Now that we have seen where we can improve, we’ll discuss the Pipe and Filter pattern and how we can apply it using LINQ.

Pipe and Filter pattern

The pipe and filter pattern in its simplest form can be defined as “A chain of multiple operations used to get specific results.” The pipes and filters pattern is a common programming design pattern with many uses. http://en.wikipedia.org/wiki/Pipeline_(software)

The pattern name comes from the idea of filtering water from a source as its being piped to a faucet. In the context of this article we will be taking data from a source [database] and chaining together multiple operations to get a usable subset of the data for another layer in our application.

To construct our filters we will be using IQueryable and the LINQ Where method, as we learn more about the API we’ll build smaller filter components or “rules” which will allow for greater readability, reusability, and flexibility.

1899-Pipes-and-filters-630x235.jpg

Understanding IQueryable and Where

Before we begin writing filters let’s see how the LINQ API handles method chaining and how it acts when multiple Where methods are called.

The Where method extends IQueryable<T> in just the same way as most LINQ methods.
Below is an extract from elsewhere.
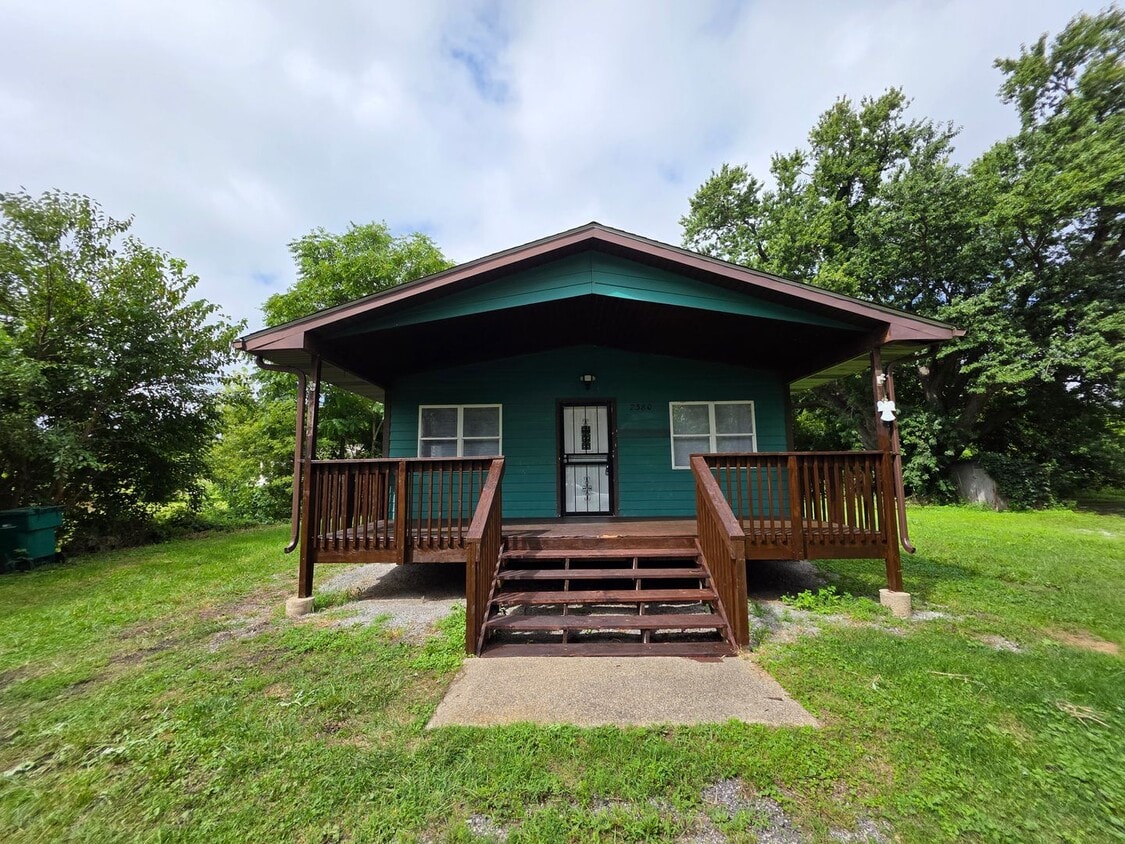 Primary Photo - 3 Bedroom / 1.5 Bath Home in Lake Station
This allows us to call Where from other LINQ methods and collections that implement the IQueryable<T> interface. Where also returns IQueryable<T>, thereby allowing additional methods to be called on the results. The Where method also takes a parameter named, predicate.

1899-IQueryable-Extensions-630x307.jpg

IQueryable does not store the results of a query but instead stores the commands required to build a query. These commands will result in an expression tree. We will look deeper into expression trees later when we take an in depth look at the predicate parameter of the Where method, but for now we’ll focus on extending IQueryable since this is a relatively simple task.
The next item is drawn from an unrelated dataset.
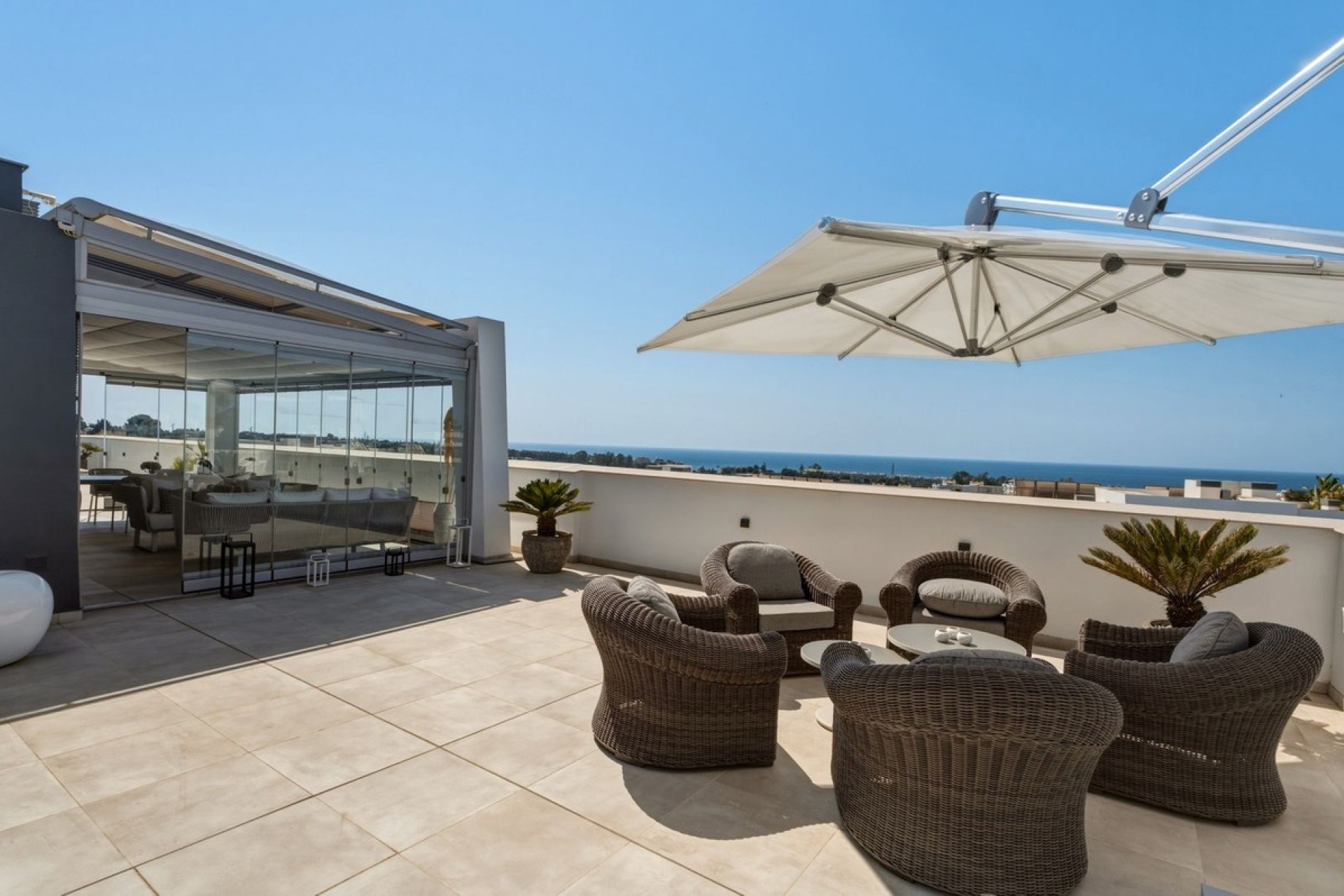 Resale - apartment - Estepona - Selwo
When multiple Where methods are chained together, the result is the equivalent of using the AndAlso [&&] operator. This means we can use the following code interchangeably.

The first statement is more concise, yet the second offers more flexibility. Both will result in the same query.

Writing a custom filter

We can now begin writing custom filters, using what we learned about IQueryable and the Where method. By creating an extension method that both extends and returns IQueryable<T> we can create our own chainable filter method.
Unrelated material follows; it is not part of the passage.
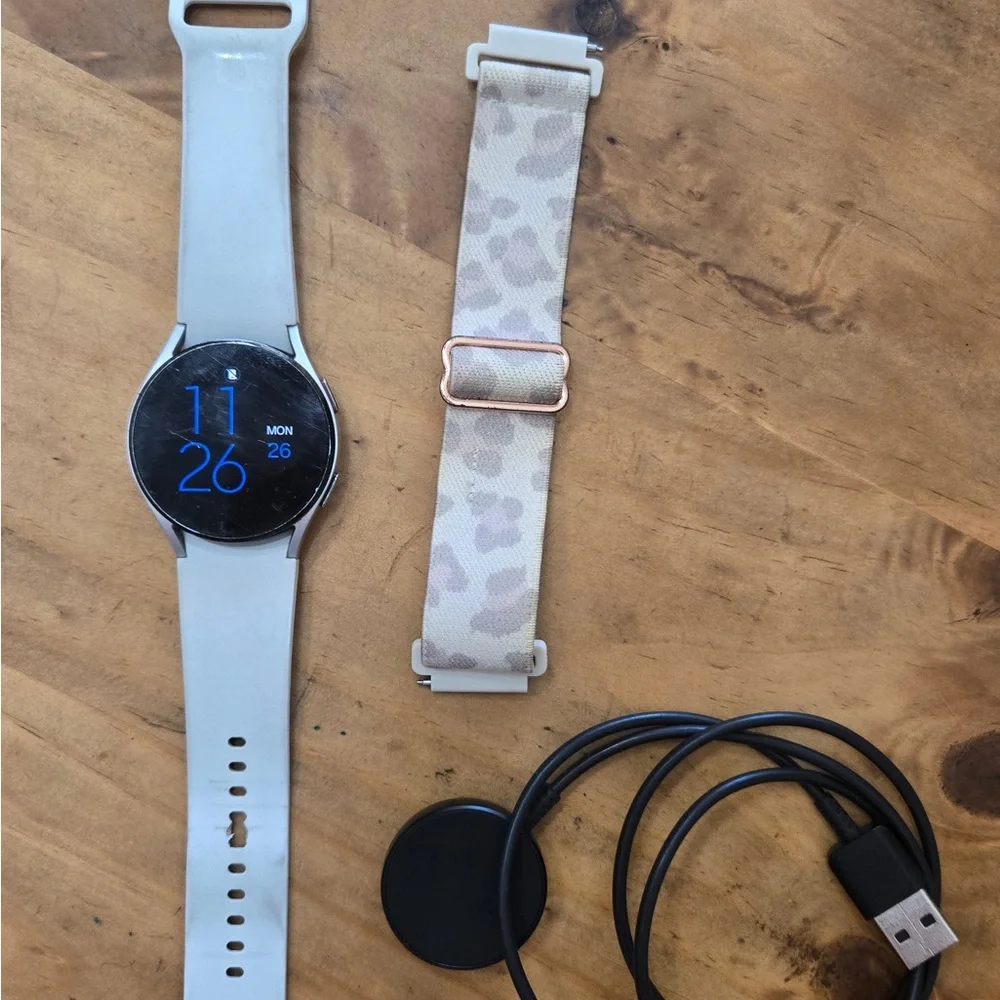 Samsung Silver/White Smartwatch with Extra Beige Leopard Sport Band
An example filter extension method

Let’s look at an expanded version of our example of rather unintelligible LINQ code. We’ll now refactor two methods that return a set of blog posts from a repository.

The first method GetArticles is a filtered set of data which is further reduced by the Skip and Take methods to facilitate paging. The second method GetFeaturedArticles returns several filters with multiple rules. The filters and rules combine to define a “featured article”, however there is very little context telling us how this is accomplished.

Let’s apply what we have learned so far and refactor the two methods using the pipe and filter pattern.

In the GetArticles method we can see there are two conditions that must be met: only posts that are published and only those that have a PostedOn date less than or equal to today. Since the two conditions are joined using the AndAlso [&&] operator, they can be rewritten as separate Where statements. The code below shows how one could rewrite the filter statements, and it includes a comment to explain their function.

Now that we have separated the statements, we’ll write extension method filters that are as easy to read as the comments “Are published” and “Posted on or before today”.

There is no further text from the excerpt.